Böyle bir şeyi çok ister, alamaz ama alacağına dair de bir umut beslersin içinde. “Olacak be!” dersin, biraz sarhoş olur “Olacak lan!” dersin, biraz sinirlisindir “Olsun ulan artık.” dersin. Bilirim işte onu. O bekleyişi.
İnsanlar tanırsın, şehirler gezer, kitaplar okursun, en iyi sen bilirsin rakı nerede içilir ve nerede ağlanır. Hangi gece yıldızlıydı gökyüzü, hangi gece sert esti, hangi gece patladı sokak lambası, hangi gece köpekler durmadan uludu, hangi gece hangi adam dövdü karısını, hangi geceyi hangi ev sabah etti en iyi sen bilirsin. Kahkahalar atar, sohbetler eder, hatta sevişirsin ama en iyi sen bilirsin unutturmaz acını hiçbiri. Belki biraz erteletir, unutturmuş gibi yapar, geçmiş gibi gelir. Ben biliyorum o geçmiş gibiliği abi. Diş ağrısı gibi, birden vurur zonk diye göğsüne.

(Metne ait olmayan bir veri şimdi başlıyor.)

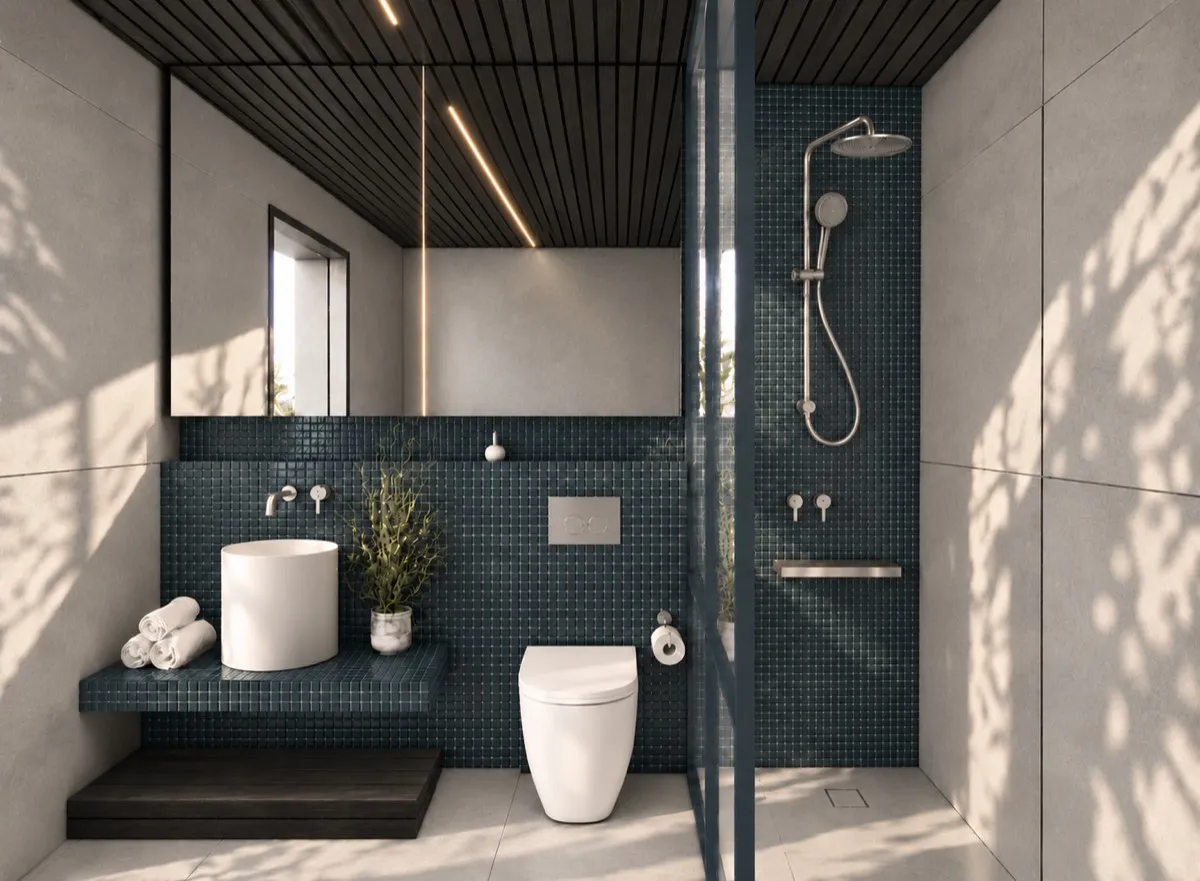 The bathroom of SOLUM Max in Tide, with dark oak joinery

Onun göğsünde başka birinin ağrısı zonkluyor işte abi. Ben biraz erteleteni oluyorum, unutturuyor gibi geleni.
Başka birinin yarasını kanıyor, ben o yarayı sakladığı bant oluyorum.
Başka birinin kavgasını ediyor hayat ile ben o kavganın hem en masumu, hem en çok vurulanı oluyorum.
Başka birinin denizinde boğuluyor, beni boşver.
-Ben olsam olsam birazdan sarhoş olurum.